Cracks in FDI architecture

The crucial issue related to foreign direct investment (FDI) is the design, rather the architecture of the fast-rising and high outflows. An analysis shows that the imbalance between inflows and outflows is not due to a single policy error or a sudden loss of investor confidence. It reflects deeper structural shifts linked to the nature of FDI, India’s liberalisation trajectory, and evolving character of global capital. Several factors contribute to the existing trends and patterns, which include disinvestments by the Indian state and foreigners.
A leading factor to the large outgo of FDI lies in the inflows. Since the mid-2000s, the composition of foreign investors has changed. A growing share of ownership is by global financial investors like private equity and hedge funds, which generally operate with defined exits, and seek multiple-fold returns within short timeframes. The major exceptions are sovereign wealth funds and pension funds, who may have a longer-term view on investments. Since India opened infrastructure sectors, the financial investors slowly gained over MNCs.

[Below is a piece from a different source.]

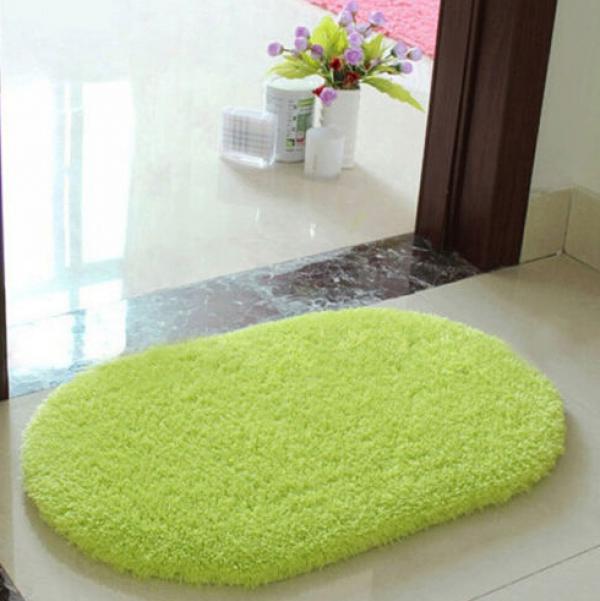 Anti-Slip Soft Memory Foam Multicolor Bath Mat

Our earlier estimates for the period between 2005-06 and 2013-14 suggest that financial investors accounted for 26.9 per cent of the inflows compared to 47.8 per cent by the MNCs. At 58.2 per cent, the share of financial investors was the highest in construction and real estate. According to our ongoing study, between 2014-15 and 2018-19, the share of financial investors in equity inflows was 29.2 per cent compared to the MNCs’ share of 58.9 per cent. Hence, the MNCs became more dominant in the 2000s and 2010s.
However, over the next five years, 2019-20 to 2023-24, the financial investors, with a share of 44.9 per cent, left the MNCs (41.4 per cent) behind. More importantly, the former’s share in non-manufacturing activities jumped from 33 per cent to 47 per cent in the second half of the decade. This changing nature implies that the incoming investments were more likely to culminate in exits, and sizable repatriations, both due to the mindset and thinking of financial investors, and their penchant for non-manufacturing segments.

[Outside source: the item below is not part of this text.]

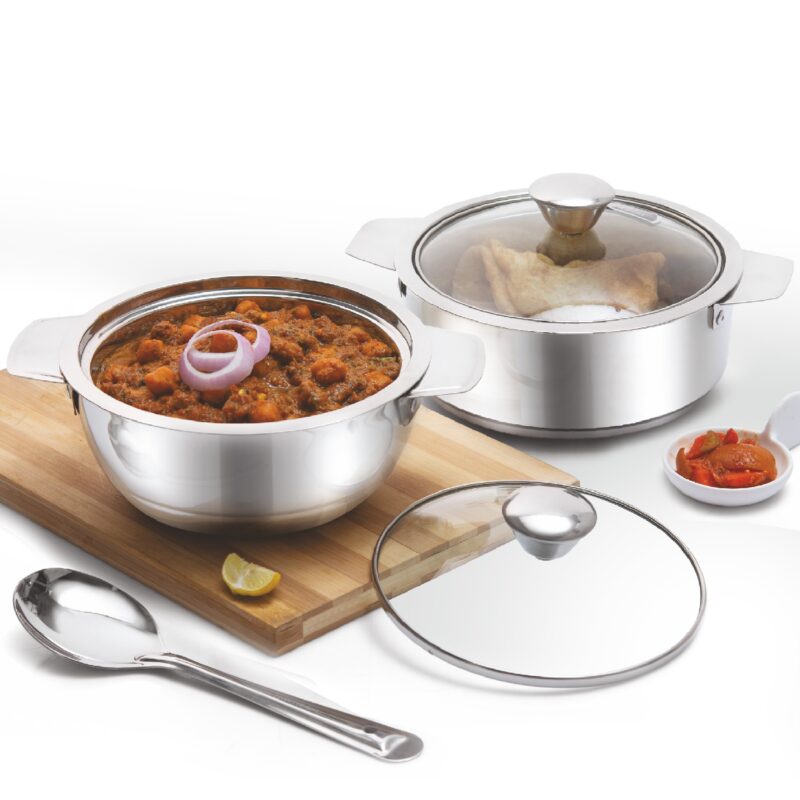 Daawat Casserole Gift Set, Set of 3 - Image 2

The next big draft for the outgo is dividends paid by the payments by foreign subsidiaries and associates in India to overseas parents, and other investors. Between 2021-22 and 2024-25, this figure (excluding reinvested earnings) jumped from $17.6 billion to $33.1 billion. Reinvested earnings remained stable at around $20 billion, which suggests that the foreign investors prefer to remit dividends rather than retain them in India. In other words, they do not reinvest much.
In a short span of four years, royalty payments almost doubled from $9 billion in 2021-22 to $17.3 billion in 2024-25, or a cumulative figure of $51.9 billion, most of which was paid to foreign parents and affiliates. According to the Reserve Bank of India’s Survey of Foreign Collaboration, royalties or royalties-cum-technical fees were the most preferred form of payments for technology in foreign collaborations. Most partnerships are between the subsidiaries and affiliates. Unaffiliated firms account for 28 out of the 255 collaborations.

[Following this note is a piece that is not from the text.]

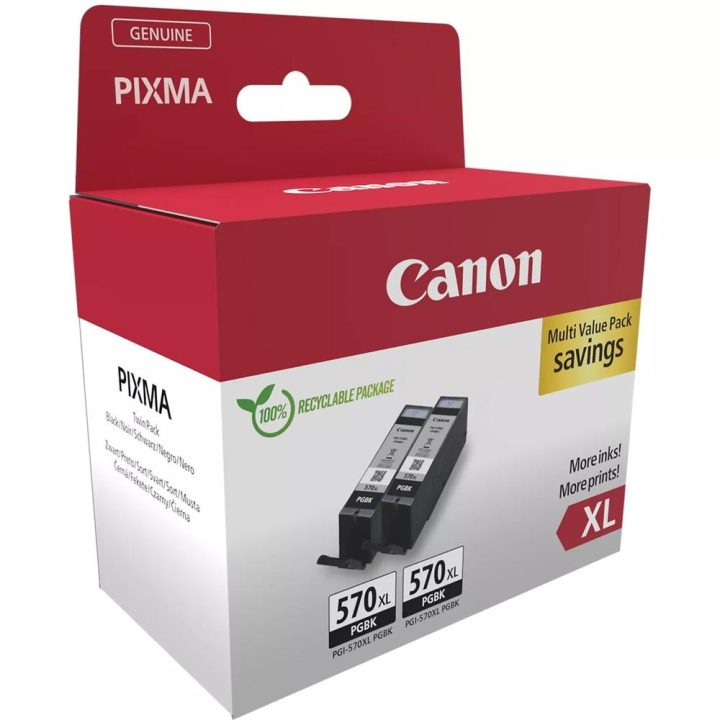 Canon 0318C010 cartucho de tinta 2 peça(s) Original Alto rendimento…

Evidence suggests that the bulk of payments originate from foreign-affiliated entities. In some cases, royalties function as intra-group transfer mechanisms to supplement dividend remittances. Thus, combining dividends and royalties may provide a better picture of the MNCs’ returns on investments (RoIs) rather than a comparison with dividends. In fact, RoI will be better captured by combining the capital gains part of the overall annual and regular repatriations.
In the recent past, large MNCs such as Hyundai Motor India, Orkla India, and LG Electronics listed the shares on the Indian stock exchanges, and the foreign parents sold a part of their holdings through the offer-for-sale (OFS) route. When this happens in IPOs (Initial Public Offerings), the proceeds go abroad, and not to the Indian subsidiaries. Only the ownership changes. A portion of the sold stakes of the foreign owners may be purchased by foreign portfolio investors.
Another factor for the FDI outflows is the complete exit (not a part sale through OFS) of MNCs from the Indian subsidiaries. For example, the Tata Group took over Wistron from its foreign shareholders for $128 million in early 2024. Other exits include Daiichi Sankyo, Citibank (consumer banking business), Akzo Nobel, Thyssenkrupp Electrical Steel, and Metro. If such deals involve overseas share transfers, as in the case of Holcim-Ambuja one, they are not reflected in FDI outflows. But if the transactions happen in India, they do.
Internal restructuring of the ownership patterns, as opposed to OFS and complete sellout, may result in simultaneous outgoes and inflows of FDI. This includes cases when, within MNC groups, one of the MNCs sells, and other arms buys. Both transactions match each other. While we are not sure how these are treated in the statistics, there is a possibility that they may inflate inflows and repatriations.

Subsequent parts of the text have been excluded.